I apologise; it is probably my fault. Just to be clear, the price of solar is something upwards of 45 times the price of electricity produced from gas at the moment.
As for the climate change issues around shale gas, or unconventional gas, I would take hon. Members’ concerns about the impact of climate change more seriously—I am inclined to think that we should address it—if they took a different attitude to nuclear power, the technology that is far and away the most likely, worldwide, to make a difference at scale to carbon emissions.

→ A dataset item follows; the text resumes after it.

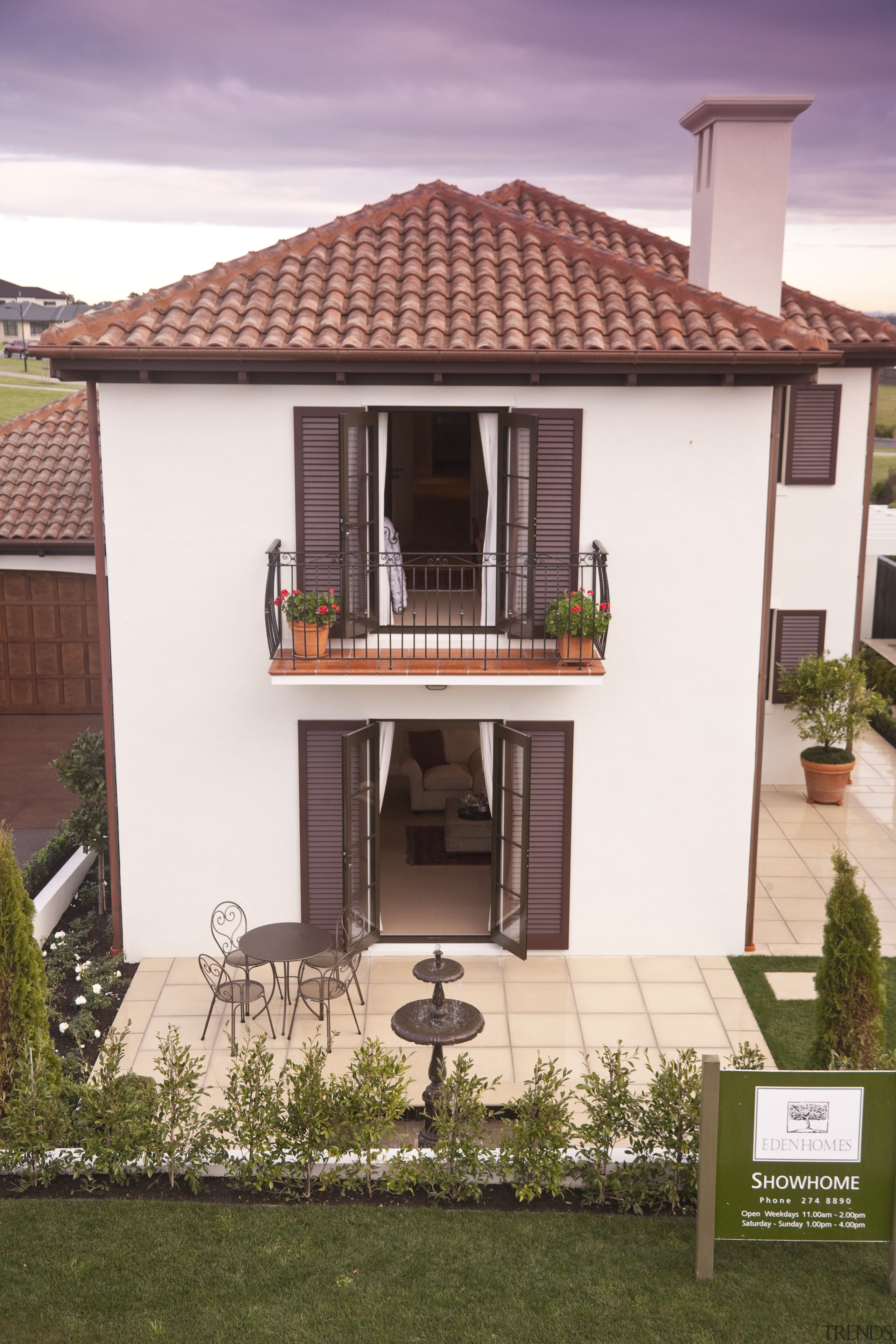 Exterior view of Eden Homes show home which building, elevation, facade, home, house, property, real estate, residential area, roof, villa, white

I want to consider whether shale gas will affect the UK economy. The hon. Member for Southampton, Test (Dr Whitehead) made an interesting speech about
the necessary volume of wells. I was not aware of what he said and found his numbers hard to believe, but if they are true, the point is interesting and important. Let us be clear: shale gas is already having a massive influence on the UK economy, because right now one of our major industrial competitors, the US, has energy prices and therefore electricity prices that are a quarter of ours. It has feedstock prices as an input to the global gas industry and the petrochemicals industry that are a quarter of ours. That is already making a difference at the margins. Some industries are already deciding not to invest in the UK and to bring petrochemicals and chemicals back to the US—indeed, out of China, let alone Europe. Shale gas is already having a massive impact on the UK economy, and it is nonsense to pretend that anything we say in this debate, or that the Government do, will make any difference to that.